**SUPPLIED INFORMATION**
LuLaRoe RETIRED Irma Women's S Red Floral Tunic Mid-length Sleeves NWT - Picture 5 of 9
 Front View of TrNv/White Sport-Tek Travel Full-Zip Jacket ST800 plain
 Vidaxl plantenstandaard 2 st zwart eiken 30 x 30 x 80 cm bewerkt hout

**EXERCISE REQUIREMENTS**
The full listing needs to be transcribed exactly.

**WRITTEN REPLY**
LuLaRoe RETIRED Irma Women's S Red Floral Tunic Mid-length Sleeves NWT - Picture 5 of 9
 Front View of TrNv/White Sport-Tek Travel Full-Zip Jacket ST800 plain
 Vidaxl plantenstandaard 2 st zwart eiken 30 x 30 x 80 cm bewerkt hout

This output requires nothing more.